A final thought from Peterson: "International Fraud Awareness Week is a reminder that preventing fraud isn't just about blocking bad actors; it's about enabling secure, seamless interactions that foster digital trust. Protecting identity at scale strengthens the entire ecosystem of online commerce, helping businesses grow with confidence and customers engage without fear."

For vendors: securing the supply chain's weakest link

Vendors and suppliers are increasingly targeted as the path of least resistance into a major corporation. If a vendor's internal finance team is hit by a BEC scam, it often leads to disruption and liability for the enterprise customer.

[RELATED: Can We Trust Cybersecurity Firms that Fall Victim to Cyber Attacks?]

Vendors must treat their internal anti-fraud controls (e.g., procurement process security) with the same rigor as their external-facing product security. This includes:

  • Vetting for financial security: Enterprises must specifically audit vendors' financial controls.

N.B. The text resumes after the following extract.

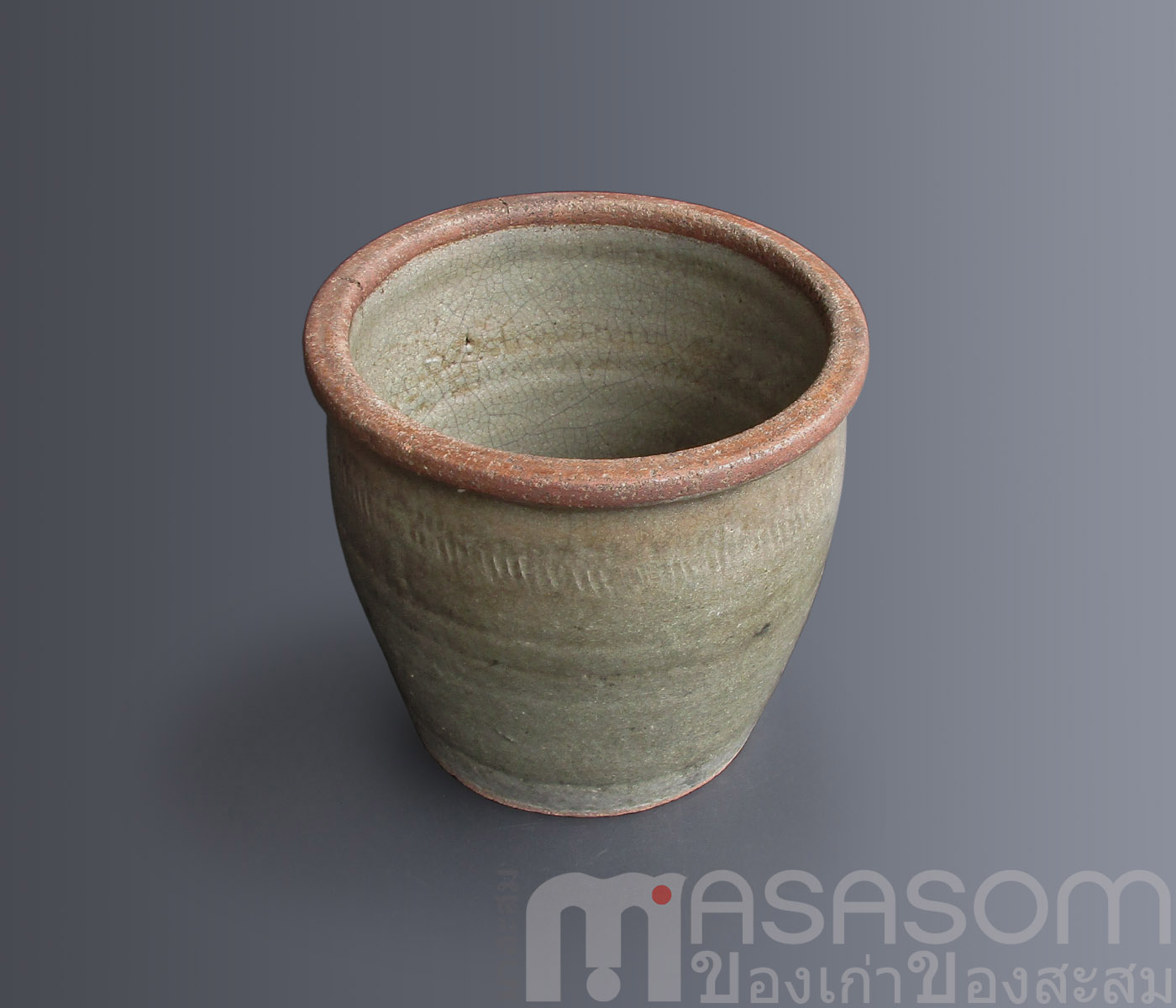 ถังแช่ข้าวเหนียวโบราณ2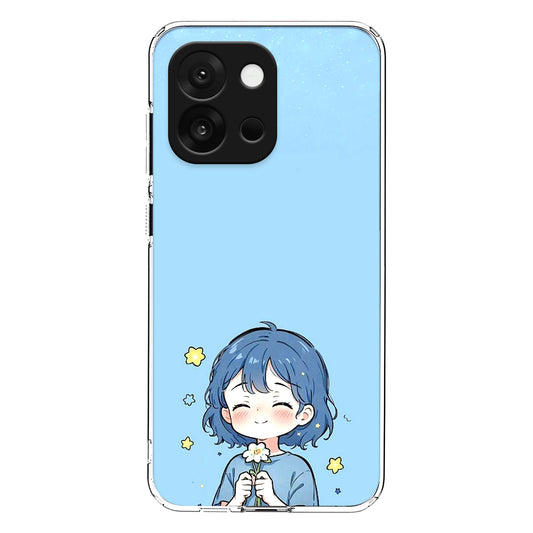 girly floral Case For One Plus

It is no longer enough to check if they have a SOC 2 report; you must verify their controls against account takeover (ATO) and internal invoice fraud.

  • MFA on everything: Demand phishing-resistant MFA across all vendor accounts, especially those tied to billing, invoicing, or privileged administrative access to customer data.

The modern threat actor uses code to find an entry point, but they use deception and fraud to monetize the attack. As the ACFE reminds us this week, fighting fraud is fighting the most profitable vector of cybercrime today.

"Fraud is escalating in both sophistication and scale, with attackers leveraging AI, automation, and organized rings to exploit vulnerabilities. Over the past year, their tactics have diversified, targeting people, identity elements, and prevention systems," said Simon Horswell, Senior Fraud Specialist at Entrust. "Attackers are using psychological manipulation through phishing, social engineering, and impersonation scams to trick individuals into sharing their own genuine credentials or transferring funds."

"Meanwhile, attackers are also targeting identity documents and attempting to bypass biometric systems with deepfakes, which now account for one in every five biometric fraud attempts," Horswell said. "On a more technical level, attackers are also targeting prevention systems with injection attacks, which surged 40% over the past year, as well as device emulation and automated bot attacks, to bypass the very technology that's meant to stop them."

Horswell concluded, "This International Fraud Awareness Week is a reminder that identity is now at the frontline of fraud. As fraud evolves with AI, organizations must secure every layer—people, identity, and systems—with AI-driven defenses to adapt and stay ahead of fraud."